Background information
- Birth name: Hamida Assil
- Born: c. 1940 Kabul, Kingdom of Afghanistan
- Died: December 20, 2020 (aged 80)
- Genres: Pop
- Occupation: Singer
- Labels: Aryan Records

= Rukhshana =

Afghan singer (c.1940–2020)

Hamida Assil (c. January 1, 1940 December 20, 2020), better known as Rukhshana, was an Afghan singer. Referred to as one of the first Afghan female singers, she earned her recognition during the 1950s and 1970s.

== Biography ==
Rukhshana (born as Hamida) was born in Kabul, the daughter of Assil Khan Waziri, a four star general in the Afghan Army. She belonged to the Pashtun Wazir tribe. Their family were originally from the southern parts of Afghanistan and later migrated to Kabul. She is credited with being the first Afghan woman to remove the chador to pursue her career. She performed for royalty, celebrities, and films (e.g. Shah of Iran, Czech Republic, Gandhi, Lance Armstrong).

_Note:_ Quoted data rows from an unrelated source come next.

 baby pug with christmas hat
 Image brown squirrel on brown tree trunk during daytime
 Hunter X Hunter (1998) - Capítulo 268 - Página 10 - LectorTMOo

At the height of her popularity in the 1950s and 1960s, Rukhshana's posters were widely distributed in Kabul, and her photos graced countless covers of calendars and magazines. She had a wider fan base over other singers as she was bilingual and could reach a larger segment of Afghan society. Her music includes songs both in Pashto, her native tongue, and Dari language. She gave an interview with BBC London and allowed her photographs to appear in a newspaper.

She resided in Simi Valley before she died on December 20, 2020.